Telecom companies default on $14.7b debt
Three Bermuda telecom companies defaulted on a total of $14.7 billion of rated debt in the second quarter of 2002, contributing to the continued record setting pace of global defaults.
Global Crossing defaulted on $4.8 billion of debt, Flag Telecom defaulted on $0.6 billion of debt and and NTL, a European telecom defaulted $9.3 billion of debt.
All three companies were incorporated in Bermuda but maintained headquarters in the US or in Hampshire, England in the case of NTL.
The Bermuda registered companies were three of 60 defaulting on a record $52.6 billion of rated debt in the second quarter of 2002, according to preliminary analysis of data by Standard & Poors.
This compares to the first quarter of 2002, when a record 95 companies defaulted on $38.4 billion of rated debt, the previous largest dollar amount defaulting.
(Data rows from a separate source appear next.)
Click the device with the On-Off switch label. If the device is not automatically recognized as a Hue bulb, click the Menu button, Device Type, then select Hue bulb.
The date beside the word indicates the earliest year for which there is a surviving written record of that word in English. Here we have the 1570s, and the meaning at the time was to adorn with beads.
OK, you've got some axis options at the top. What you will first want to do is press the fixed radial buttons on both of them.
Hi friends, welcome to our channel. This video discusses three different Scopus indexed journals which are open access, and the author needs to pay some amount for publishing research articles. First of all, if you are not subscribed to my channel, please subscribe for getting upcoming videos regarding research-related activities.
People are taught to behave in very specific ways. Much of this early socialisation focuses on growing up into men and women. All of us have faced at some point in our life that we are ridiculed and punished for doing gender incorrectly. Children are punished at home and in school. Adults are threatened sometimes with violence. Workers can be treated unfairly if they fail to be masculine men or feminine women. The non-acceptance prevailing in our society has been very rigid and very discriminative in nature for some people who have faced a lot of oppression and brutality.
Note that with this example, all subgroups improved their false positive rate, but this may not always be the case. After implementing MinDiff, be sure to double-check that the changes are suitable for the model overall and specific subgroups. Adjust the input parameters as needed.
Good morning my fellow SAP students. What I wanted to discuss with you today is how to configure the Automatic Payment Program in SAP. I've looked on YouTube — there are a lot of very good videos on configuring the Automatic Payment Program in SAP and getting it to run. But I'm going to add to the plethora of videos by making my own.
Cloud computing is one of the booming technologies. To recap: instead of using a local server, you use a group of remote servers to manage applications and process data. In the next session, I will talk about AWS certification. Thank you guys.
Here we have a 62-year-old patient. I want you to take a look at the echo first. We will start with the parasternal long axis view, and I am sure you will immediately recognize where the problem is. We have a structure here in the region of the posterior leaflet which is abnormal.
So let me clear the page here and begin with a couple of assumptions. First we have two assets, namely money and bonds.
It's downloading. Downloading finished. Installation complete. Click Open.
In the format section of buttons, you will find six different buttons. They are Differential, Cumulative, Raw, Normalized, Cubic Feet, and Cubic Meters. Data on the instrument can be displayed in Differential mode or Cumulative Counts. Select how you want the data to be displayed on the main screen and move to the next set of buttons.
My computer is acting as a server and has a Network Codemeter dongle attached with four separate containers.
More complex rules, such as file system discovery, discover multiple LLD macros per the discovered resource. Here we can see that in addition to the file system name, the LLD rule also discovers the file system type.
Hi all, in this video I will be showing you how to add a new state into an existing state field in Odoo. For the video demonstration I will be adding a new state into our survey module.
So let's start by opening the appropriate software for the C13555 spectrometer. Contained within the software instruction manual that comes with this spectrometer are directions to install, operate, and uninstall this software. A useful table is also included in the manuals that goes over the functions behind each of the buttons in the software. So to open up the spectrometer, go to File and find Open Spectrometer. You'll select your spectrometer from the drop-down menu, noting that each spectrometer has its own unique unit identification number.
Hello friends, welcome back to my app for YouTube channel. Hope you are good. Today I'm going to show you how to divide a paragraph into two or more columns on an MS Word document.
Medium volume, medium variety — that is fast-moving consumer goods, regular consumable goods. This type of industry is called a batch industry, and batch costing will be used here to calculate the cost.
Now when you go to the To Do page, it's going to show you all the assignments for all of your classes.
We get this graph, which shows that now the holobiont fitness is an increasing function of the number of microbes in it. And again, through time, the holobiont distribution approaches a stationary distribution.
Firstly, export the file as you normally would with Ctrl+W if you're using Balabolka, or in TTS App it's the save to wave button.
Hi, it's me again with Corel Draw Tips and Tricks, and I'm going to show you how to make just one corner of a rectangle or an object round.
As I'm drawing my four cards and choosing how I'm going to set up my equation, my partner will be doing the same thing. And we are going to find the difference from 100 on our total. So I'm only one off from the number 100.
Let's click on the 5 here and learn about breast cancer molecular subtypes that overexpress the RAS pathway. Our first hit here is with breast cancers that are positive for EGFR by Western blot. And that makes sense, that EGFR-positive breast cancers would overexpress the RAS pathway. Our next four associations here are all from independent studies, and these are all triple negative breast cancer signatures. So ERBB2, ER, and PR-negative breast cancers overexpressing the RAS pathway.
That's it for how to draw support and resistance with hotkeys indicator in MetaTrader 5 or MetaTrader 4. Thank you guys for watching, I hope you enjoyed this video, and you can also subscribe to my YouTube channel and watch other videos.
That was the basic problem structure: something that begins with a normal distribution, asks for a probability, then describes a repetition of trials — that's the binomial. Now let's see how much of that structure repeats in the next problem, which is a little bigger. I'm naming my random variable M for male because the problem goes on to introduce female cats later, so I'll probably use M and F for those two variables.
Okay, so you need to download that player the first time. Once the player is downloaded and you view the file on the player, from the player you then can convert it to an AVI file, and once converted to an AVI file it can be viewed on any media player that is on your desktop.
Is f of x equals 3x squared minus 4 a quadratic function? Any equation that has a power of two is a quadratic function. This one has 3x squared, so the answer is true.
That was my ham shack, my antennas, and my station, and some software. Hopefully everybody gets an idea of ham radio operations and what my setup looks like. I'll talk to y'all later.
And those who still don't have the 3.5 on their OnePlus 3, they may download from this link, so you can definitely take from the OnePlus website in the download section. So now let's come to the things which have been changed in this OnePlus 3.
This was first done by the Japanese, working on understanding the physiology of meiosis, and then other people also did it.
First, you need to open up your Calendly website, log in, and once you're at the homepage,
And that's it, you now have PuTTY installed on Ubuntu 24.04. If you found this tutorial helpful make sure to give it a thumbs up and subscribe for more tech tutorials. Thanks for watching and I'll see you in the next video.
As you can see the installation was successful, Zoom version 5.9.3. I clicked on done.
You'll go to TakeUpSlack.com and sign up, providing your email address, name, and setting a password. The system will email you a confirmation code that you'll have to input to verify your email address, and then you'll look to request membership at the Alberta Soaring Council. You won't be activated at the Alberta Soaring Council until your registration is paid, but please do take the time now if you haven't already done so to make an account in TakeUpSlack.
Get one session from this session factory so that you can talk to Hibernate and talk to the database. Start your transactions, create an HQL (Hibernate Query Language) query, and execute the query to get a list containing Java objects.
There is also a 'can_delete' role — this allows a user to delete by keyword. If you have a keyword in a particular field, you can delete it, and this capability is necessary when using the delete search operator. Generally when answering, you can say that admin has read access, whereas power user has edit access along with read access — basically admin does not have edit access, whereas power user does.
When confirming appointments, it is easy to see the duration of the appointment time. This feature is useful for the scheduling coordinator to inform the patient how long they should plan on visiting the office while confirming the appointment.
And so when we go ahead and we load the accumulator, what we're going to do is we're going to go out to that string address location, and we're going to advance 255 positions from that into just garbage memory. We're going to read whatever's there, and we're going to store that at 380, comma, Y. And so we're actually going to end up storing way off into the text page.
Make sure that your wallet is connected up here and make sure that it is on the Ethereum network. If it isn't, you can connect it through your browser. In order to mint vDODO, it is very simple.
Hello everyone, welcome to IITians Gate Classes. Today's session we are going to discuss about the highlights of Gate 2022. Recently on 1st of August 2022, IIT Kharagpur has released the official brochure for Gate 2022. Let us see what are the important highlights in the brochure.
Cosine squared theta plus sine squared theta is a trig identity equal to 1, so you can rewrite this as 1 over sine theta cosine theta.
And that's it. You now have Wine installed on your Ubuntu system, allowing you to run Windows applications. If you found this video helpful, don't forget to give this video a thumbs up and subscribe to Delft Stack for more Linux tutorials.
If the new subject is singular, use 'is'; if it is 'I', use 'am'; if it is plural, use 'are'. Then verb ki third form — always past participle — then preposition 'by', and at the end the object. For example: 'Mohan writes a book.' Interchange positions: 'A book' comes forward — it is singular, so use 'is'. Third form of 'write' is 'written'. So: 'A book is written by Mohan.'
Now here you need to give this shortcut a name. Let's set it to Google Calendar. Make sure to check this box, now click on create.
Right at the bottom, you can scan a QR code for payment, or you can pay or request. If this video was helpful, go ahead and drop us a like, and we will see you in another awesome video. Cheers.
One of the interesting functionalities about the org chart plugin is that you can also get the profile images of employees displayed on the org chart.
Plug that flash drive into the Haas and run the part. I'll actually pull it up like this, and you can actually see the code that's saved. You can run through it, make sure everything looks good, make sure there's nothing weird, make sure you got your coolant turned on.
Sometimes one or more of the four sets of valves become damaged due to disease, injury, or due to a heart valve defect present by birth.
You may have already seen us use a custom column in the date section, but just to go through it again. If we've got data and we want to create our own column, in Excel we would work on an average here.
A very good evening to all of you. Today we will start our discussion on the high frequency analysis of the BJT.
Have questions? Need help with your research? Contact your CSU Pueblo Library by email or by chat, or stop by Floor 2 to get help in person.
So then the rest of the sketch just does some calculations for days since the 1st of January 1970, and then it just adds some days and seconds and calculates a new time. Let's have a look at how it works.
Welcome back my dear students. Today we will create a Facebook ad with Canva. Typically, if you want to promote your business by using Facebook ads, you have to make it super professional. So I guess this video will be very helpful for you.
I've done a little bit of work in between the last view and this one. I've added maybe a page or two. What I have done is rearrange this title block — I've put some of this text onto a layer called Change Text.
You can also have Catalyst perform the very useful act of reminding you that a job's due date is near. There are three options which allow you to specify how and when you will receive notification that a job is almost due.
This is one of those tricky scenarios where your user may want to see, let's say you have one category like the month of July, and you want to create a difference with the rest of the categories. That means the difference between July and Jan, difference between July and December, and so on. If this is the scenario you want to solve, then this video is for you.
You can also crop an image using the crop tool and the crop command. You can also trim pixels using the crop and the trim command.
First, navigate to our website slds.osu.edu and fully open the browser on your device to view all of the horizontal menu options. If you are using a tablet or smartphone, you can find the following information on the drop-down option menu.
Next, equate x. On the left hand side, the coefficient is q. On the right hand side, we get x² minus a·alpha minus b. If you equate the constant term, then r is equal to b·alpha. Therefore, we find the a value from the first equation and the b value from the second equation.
Argentine defaults dropped dramatically to four in the second quarter from 38 in the first quarter.
At least 50 companies have defaulted each quarter for the past year-and-a-half, according to Brooks Brady, associate director for corporate default research at Standard & Poor's Risk Solutions. "This quarter's high volume of defaults means that 10.7 percent of speculative-grade issuers have defaulted in the past 12 months, which is the highest percentage of defaults since the second quarter of 1992, when the default rate reached 12.5 percent," Brady said.
"Although the annual default rate for 2002 will most likely exceed the default rate for 2001, quarterly default rates should begin to decrease by the end of this year," he predicted.
"Standard & Poor's expects default rates to decrease somewhat in the United States during the third and fourth quarters of this year, while European default rates may reach a peak in the third quarter," said Diane Vazza, managing director of Standard & Poor's Global Fixed Income Research.
"Assuming the US economy continues to improve and the markets continue to require high credit quality from issuers, we expect default rates to decrease over the next two to three years. We expect continued weakness in the telecom, media, and entertainment sectors over the next several months," she said.
The quarterly default rate for speculatively rated issuers for the second quarter reached 2.7 percent, which is less than the record high of 4.1 percent reached in the first quarter of 2002. This puts 2002 on pace to exceed 2001's annual default rate of 8.8 percent. When Argentina is removed from these figures, the year-to-date global speculative-grade default rate is 4.7 percent, which is greater than the 4.3 percent recorded last year at this time.
The second quarter defaults with the largest dollar value of rated debt were Adelphia Communications Corp. (with $14.3 billion), Bermuda-based NTL Inc. ($9.3 billion), Williams Communications Group Inc. ($3.5 billion), and Teleglobe Inc. ($2.5 billion).
Teleglobe Inc. was the only investment-grade company that defaulted during the second quarter. Of all issuers globally, both investment- and speculative-grade, 2.4 percent have defaulted since the beginning of the year. During the second quarter, 34 companies defaulted in the US, followed by four each in Argentina and Germany, three each in Bermuda, Canada, Mexico, and the Netherlands, two in the UK, and one each in Brazil, Italy, Russia, and Switzerland.
Investment-grade issues are those rated at triple-'B'-minus and above; speculative-grade issues are rated below triple-'B'-minus.